Together with Reuben Kadish and Jules Langsner, he also created a powerful mural at the University of Morelia (it was later hidden behind a false wall and is only now being restored). The Greenwood sisters, Grace and Marion painted a mural in a Mexico City market. (The Japanese-American artist Isamu Noguchi made a concrete relief for the same market in 1936.) The young Jackson Pollock, on the other hand, absorbed Siqueiros’s influence without leaving the United States.
For many Americans and northern Europeans, however, Mexico’s main appeal was its sheer exoticism, the sense that beneath a thin veneer of westernism lay a country profoundly different from anything they had ever known. Here was a land peopled overwhelmingly by mestizos (people of mixed descent) and Indians, with dozens of pre-Columbian languages still spoken, syncretic religious beliefs and rituals reinforcing fatalism, with the dead seemingly more revered than the living.
Photographers were among the first to explore this world. And by good fortune, they included several of the great photographers of the 20th century, among them Edward Weston and his lover, Tina Modotti (1896-1942), as well as Paul Strand and Henri Cartier-Bresson. With the exception of Modotti, who was expelled in 1930 for leftist activism, they were more interested in Mexico’s social texture than in its politics.

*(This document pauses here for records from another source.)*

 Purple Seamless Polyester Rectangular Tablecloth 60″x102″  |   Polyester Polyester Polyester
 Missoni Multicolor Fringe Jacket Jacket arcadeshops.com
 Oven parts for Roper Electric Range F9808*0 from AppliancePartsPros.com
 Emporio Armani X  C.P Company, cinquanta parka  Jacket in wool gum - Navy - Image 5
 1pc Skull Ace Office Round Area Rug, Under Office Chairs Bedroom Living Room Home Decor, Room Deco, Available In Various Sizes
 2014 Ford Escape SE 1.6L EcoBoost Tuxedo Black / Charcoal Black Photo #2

Cartier-Bresson first probed the sleaze of the capital, with prostitutes among his favourite subjects, before travelling south to Juchitán, intrigued by its famed matriarchal society. He evidently savoured his time in Mexico. When I met him in Paris decades later, he illustrated his attachment to the country by gleefully reciting a small lexicon of Mexican curses.

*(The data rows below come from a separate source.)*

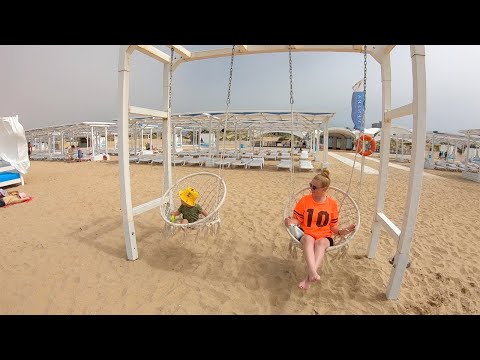 Видео: Витязево. Пляж отеля Venera Resort. Наш отзыв об отеле.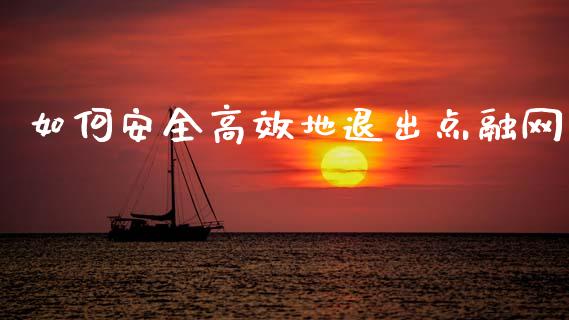 如何安全高效地退出点融网_https://cj001.lansai.wang_股市问答_第1张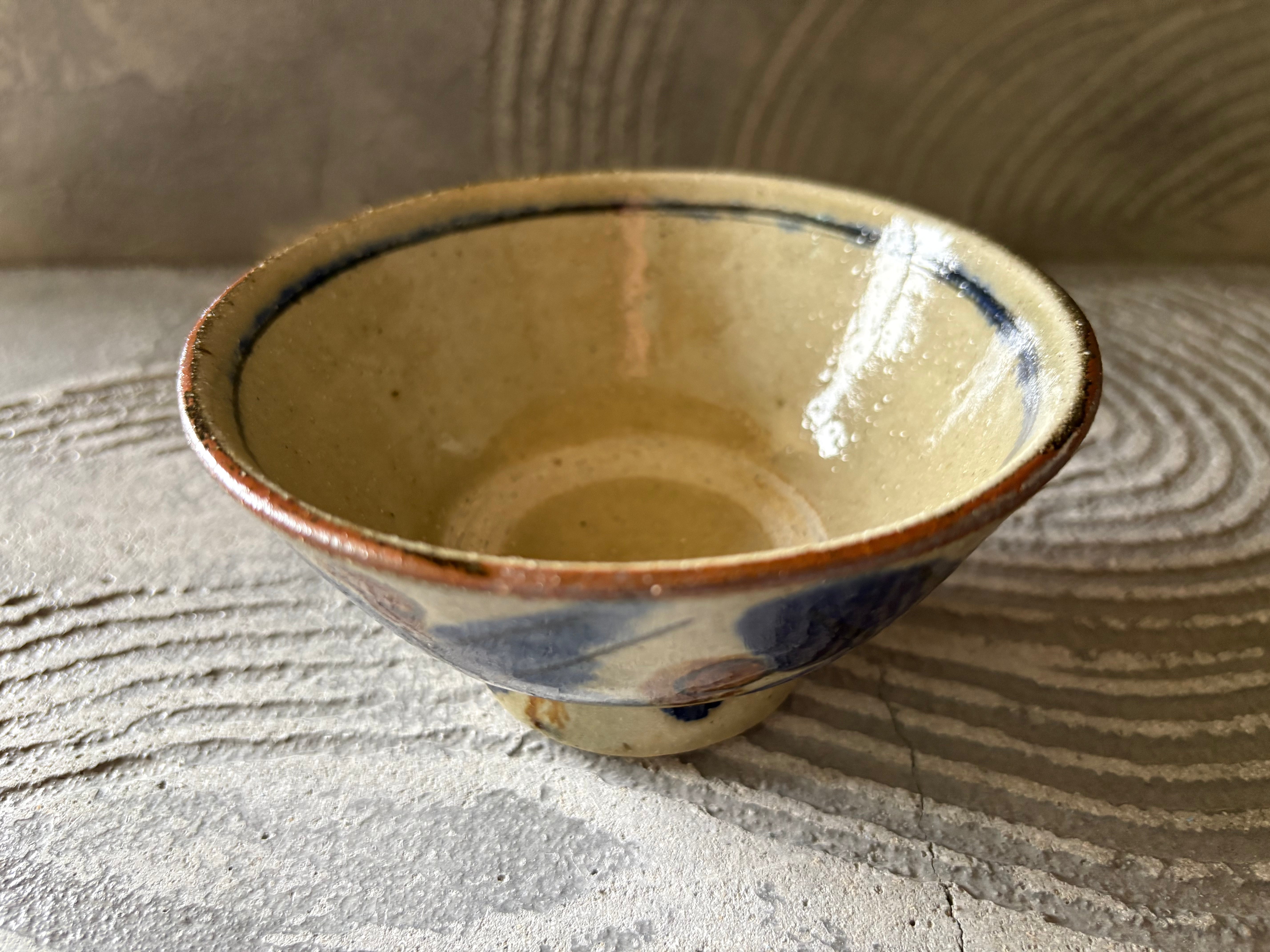 深貝工房【沖縄】深貝公拓   4寸マカイ　お茶碗72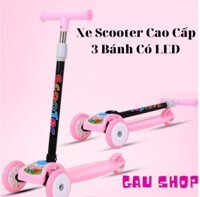 [HCM]Xe truot scooter xin - Xe truot 3 banh cho be - Xe trượt Scooter Thanh lý - Xe trượt scooter 3 bánh an toàn cho trẻ em của Gau Shop.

Strand photographed scores of peasants and used the bright light of Mexico to create almost abstract images of village churches, while another American, Laura Gilpin, was drawn to the angles and shadows of the Maya ruins at Chichén-Itzá. Modotti and Cartier-Bresson, in turn, helped emerging Mexican photographers, such as Manuel Alvarez Bravo and Agustín Jiménez. Bravo’s photograph Striking Worker Murdered from 1934 is a reminder that political bloodshed did not end with the revolution.

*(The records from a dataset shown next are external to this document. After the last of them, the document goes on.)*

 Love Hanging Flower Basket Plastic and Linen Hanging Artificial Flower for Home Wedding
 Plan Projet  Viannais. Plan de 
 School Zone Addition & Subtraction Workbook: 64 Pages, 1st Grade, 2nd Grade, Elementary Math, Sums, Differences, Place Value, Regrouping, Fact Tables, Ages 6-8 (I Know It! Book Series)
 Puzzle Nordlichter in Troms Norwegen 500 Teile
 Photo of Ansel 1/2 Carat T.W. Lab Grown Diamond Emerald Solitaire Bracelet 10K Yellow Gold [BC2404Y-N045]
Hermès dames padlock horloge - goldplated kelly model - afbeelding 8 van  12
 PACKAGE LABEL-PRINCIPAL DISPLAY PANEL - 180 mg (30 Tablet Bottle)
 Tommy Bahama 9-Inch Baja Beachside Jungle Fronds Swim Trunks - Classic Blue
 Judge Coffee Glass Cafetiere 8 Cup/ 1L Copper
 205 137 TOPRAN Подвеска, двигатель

Robert Capa (1913-1954) came into contact with Mexico more circuitously. When the Hungarian-born photographer’s American visa expired in 1940, Life magazine assigned him to cover Mexico’s presidential election. He captured the spirit of the campaign in a photograph of a truckload of supporters of Gen. Manuel Avila Camacho, the eventual winner. Another image, of a corpse, he simply captioned: “First fatality of the day of the presidential election, Mexico City, July 7, 1940.”
That election marked the end of the post-revolutionary era. Avila Camacho’s predecessor, Lázaro Cárdenas, had been left-leaning, distributing land to peasants, nationalizing the oil industry, welcoming first Trotsky and later thousands of Spanish republicans. But from 1940, Mexico’s single-party rule became increasingly conservative. By then, the political roar of the muralists was fading.
Like foreign painters, who preferred canvases to walls, Rufino Tamayo, Mexico’s best-known artist of the second half of the 20th century, had already turned to the fruits, vegetables and market life of his native Oaxaca in paintings such as Mandolins and Pineapples (1930). Occasional foreign visitors, such as the English painter Edward Burra (1905-1976) and the American painters Marsden Hartley and Henrietta Shore (1880-1963), examined village life and volcanic landscapes. Burra’s watercolour El Paseo (c.1938) and Shore’s Women of Oaxaca (c.1927) are fine examples in the show. And it was certainly not politics that attracted Josef and Anni Albers in 1939 in the first of their many visits. It was the colours and geometric forms they found in Mexico that inspired much of Josef Albers’s post-Bauhaus work.